Another source of pride for Washington residents is the the health care system for the state employees.

Washington state runs too health care systems without federal government interference.

One is the state employee insurance system and the other is the Basic Health insurance system for private workers.

Obama has praised the Basic Health system as the kind of government run health care all US citizens should have the option of getting.

State legislators have maintained the top notch Government Employee health insurance system through this budget crisis, both last year and this year, which is where the priority should be.

Basic Health, well those are private workers being insured, and they are, rightly, different class of workers and they deserved a “different solution” to the budget crises.

Less than a year ago, shortly after the Governor was re-elected, The legislators doubled the premiums and forced half of the private workers off of the Basic Health Insurance system to save money for more important government programs, like the government worker health care system.

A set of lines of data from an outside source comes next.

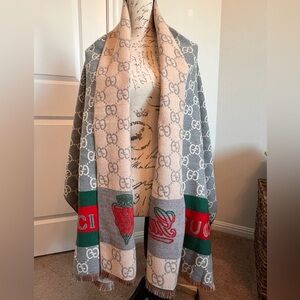 Reversible Fashion Scarf/Shawl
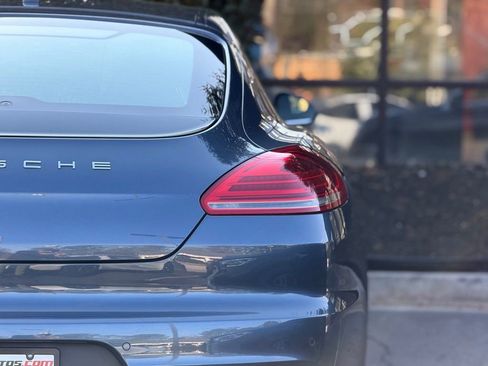 Used 2015 Porsche Panamera image 16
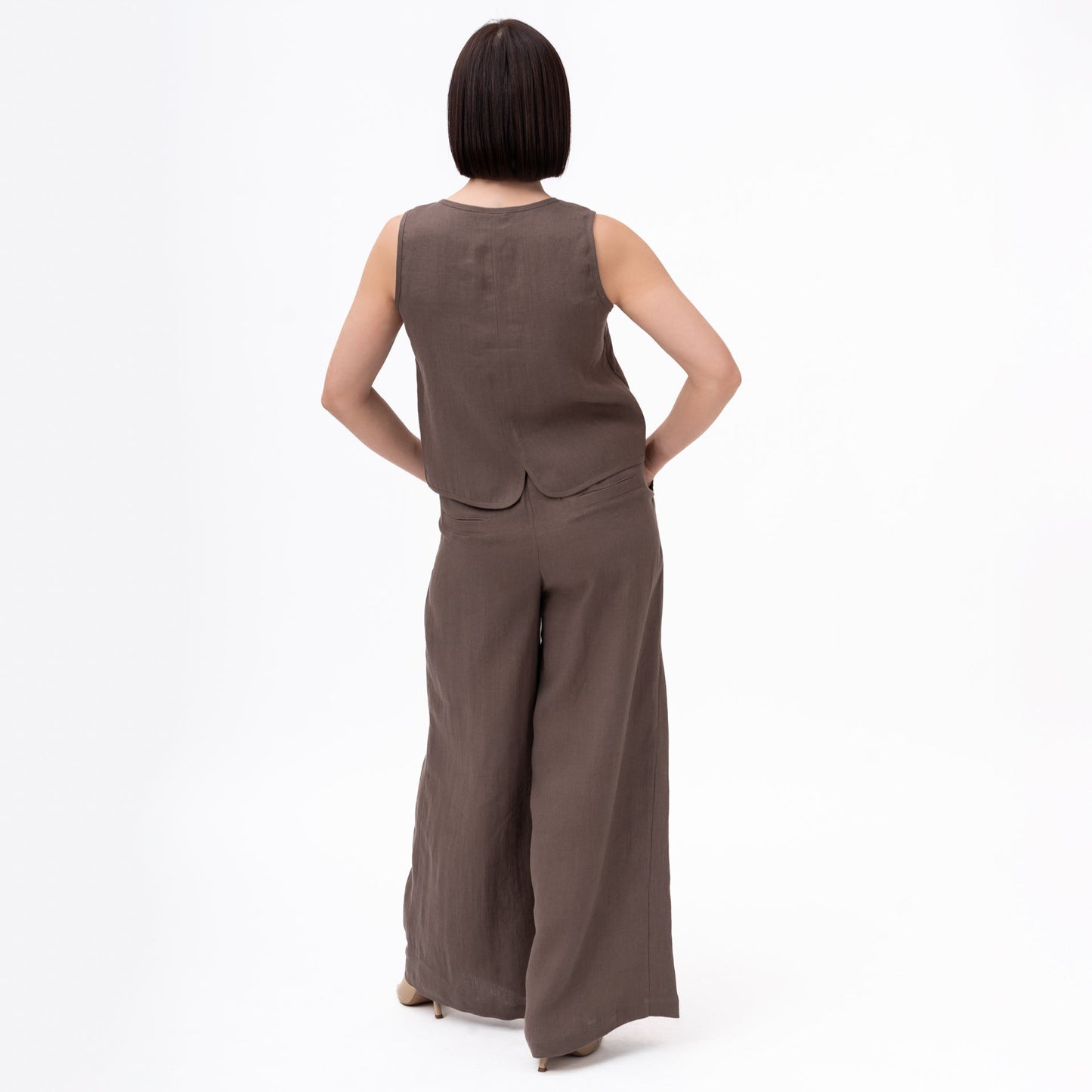 lininės kelnės moterims , tamsiai rudos, plačios. nugaros pusė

Then, three months ago, the governor announced that she was taking the remaining private workers on the government run Basic Health system hostage. Unless the legislators raised taxes by almost 1 Billion dollars the Governor announced she would shut down the Basic Health Insurance system in three months ( June 2010 ) and cancel all health insurance coverage for the private workers using this state insurance plan.

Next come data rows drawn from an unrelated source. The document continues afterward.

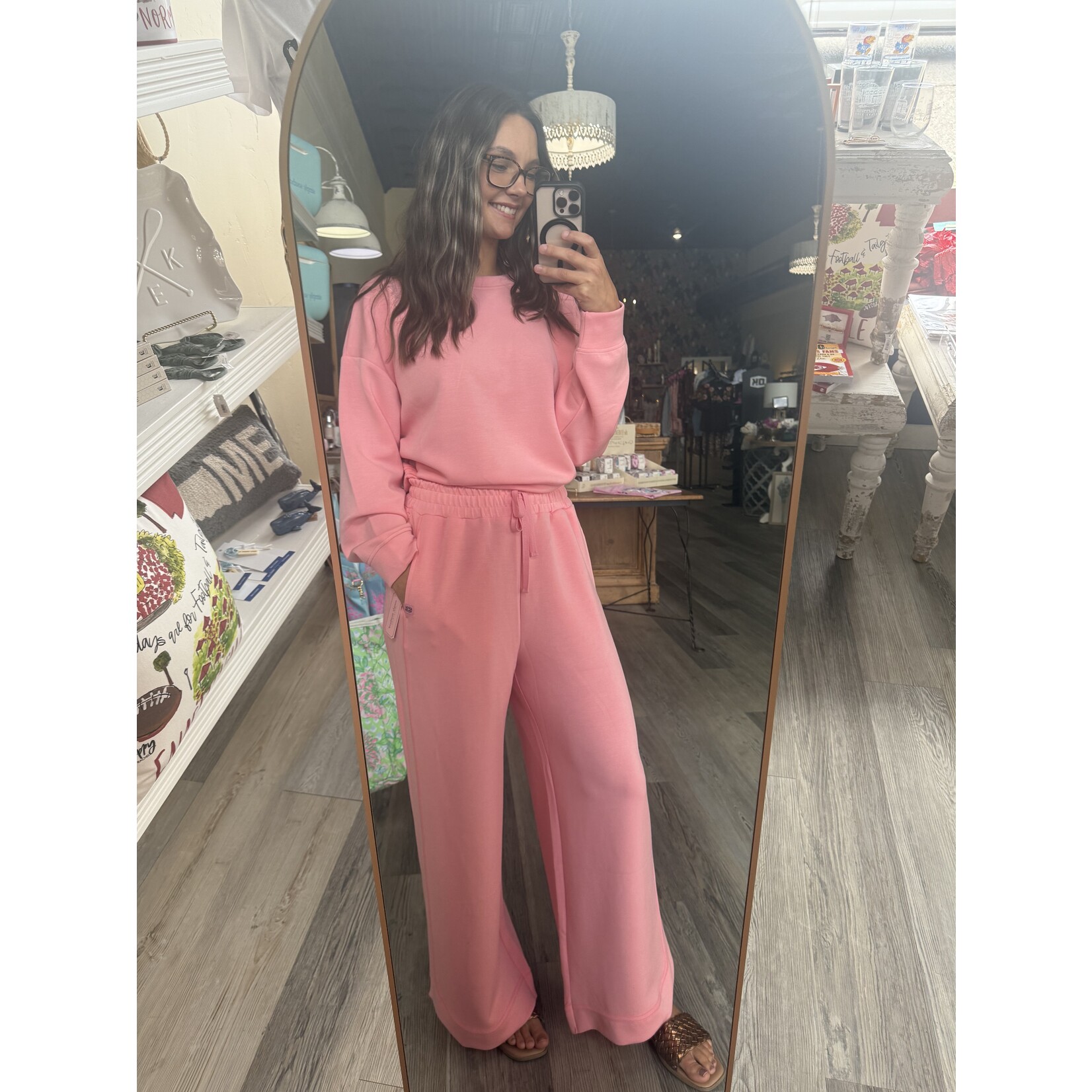 Petal Crew Pullover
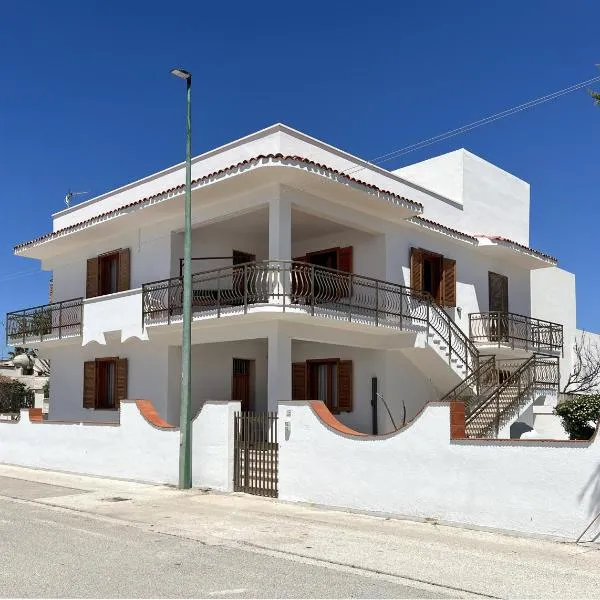 Triscina di Selinunte - Villa a 50 m dal mare, hotel v destinaci Triscina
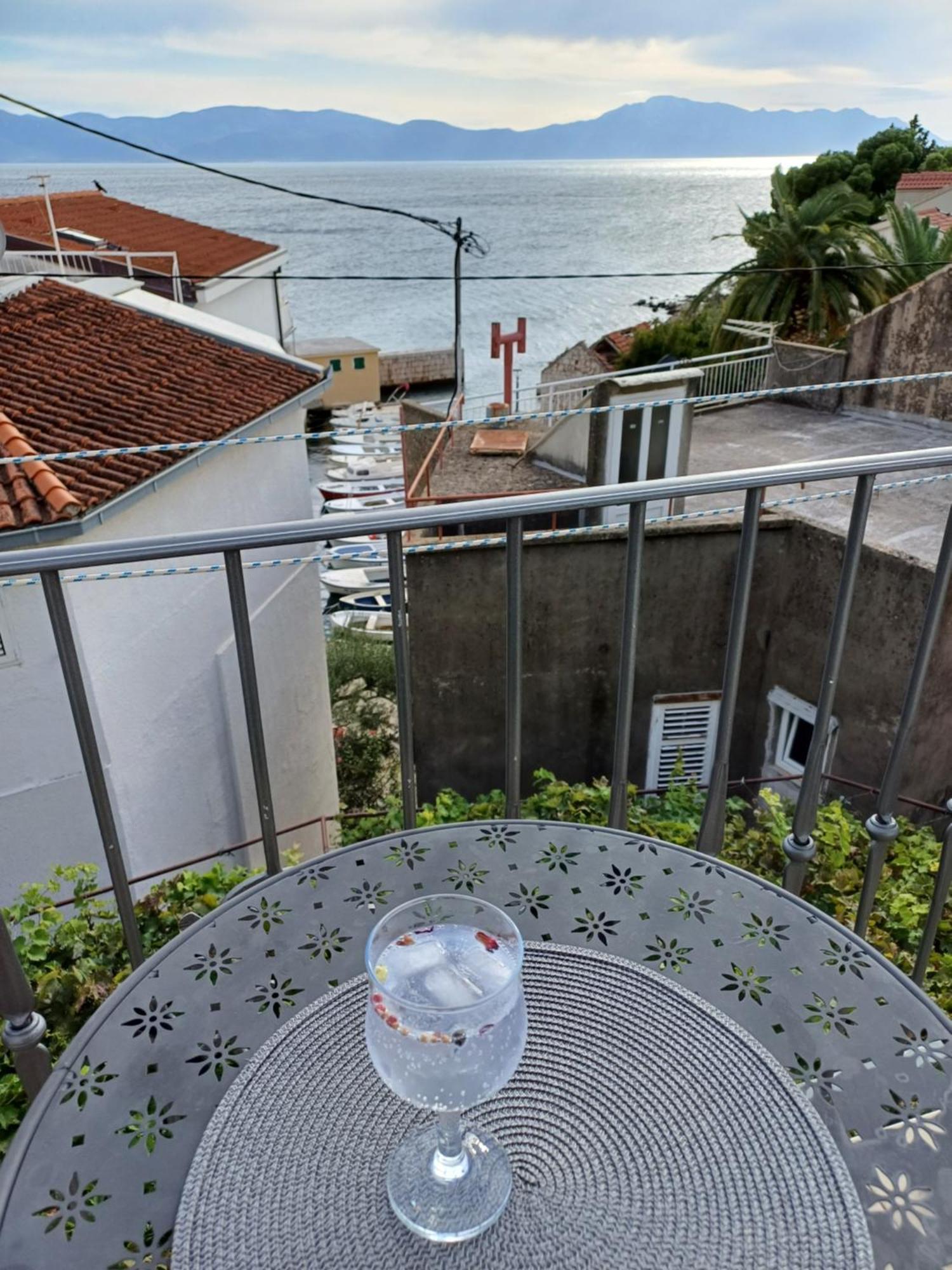 Lina Appartement Gradac  Buitenkant foto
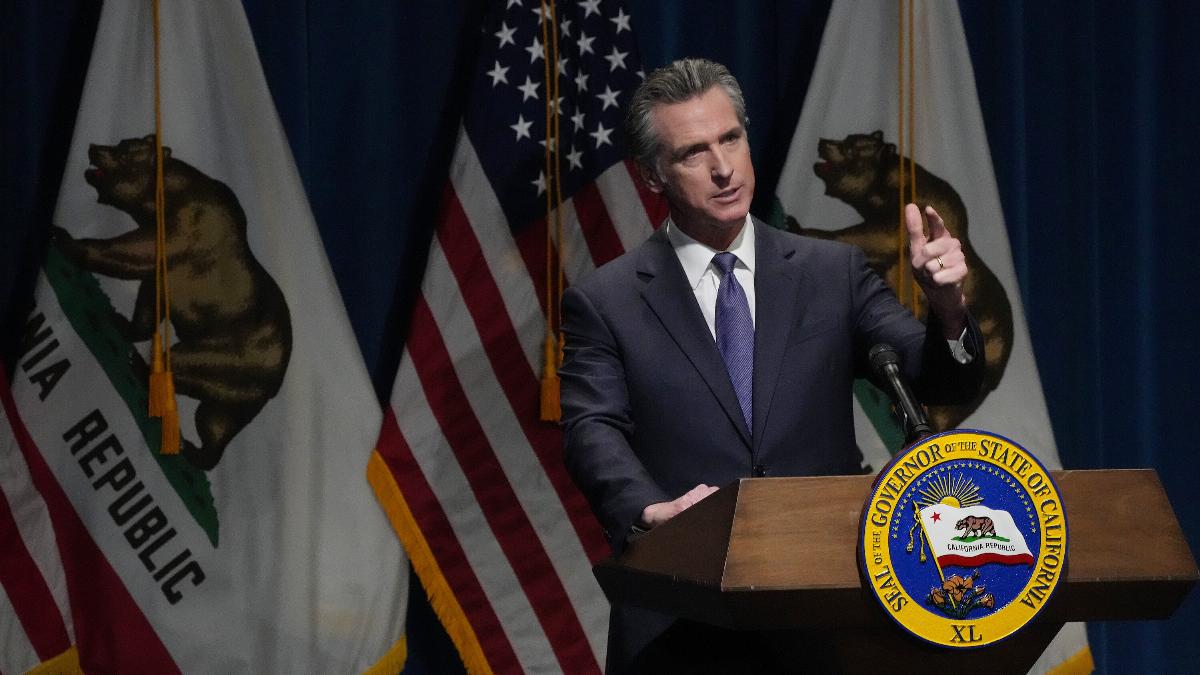 Newsom signs law regulating election-related deepfakes on social media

To her credit, the Governor did not take the government employees on health insurance hostage and she made sure that even if education had to be slashed and taxes were NOT raised, government employees would continue to enjoy some of the best health insurance coverage in Washington state.

The Governor has once again made all Washingtonians proud.

By John on March 18th, 2010 at 9:54 pm

Got an axe to grind there “Reality Check?” If you come back to make a seventh comment, how about getting the facts straight about the State government’s responsibility to honor it’s pension obligations. You act like it has a choice to not fully fund benefits. It doesn’t.

You would probably fit in better over in the Seattle Times comments section.

By John on March 18th, 2010 at 10:07 pm

So Reality Check, I copied “highest tax states in the United States” from one of your comments and pasted it into the google search box and came up with this chart from 2008.

http://www.census.gov/govs/statetax/05staxrank.html

Note that Washington ranks 17th in total tax per capita. Yes, that is approximately in the top third, but look at the states listed after Washington. Are you familiar with the phrase “standard of living” Reality Check? You ever been to Arkansas? You can save $7 a year in taxes by moving there. You’ll get an even better deal in Texas. You can save a whopping $930 a year living in South Dakota.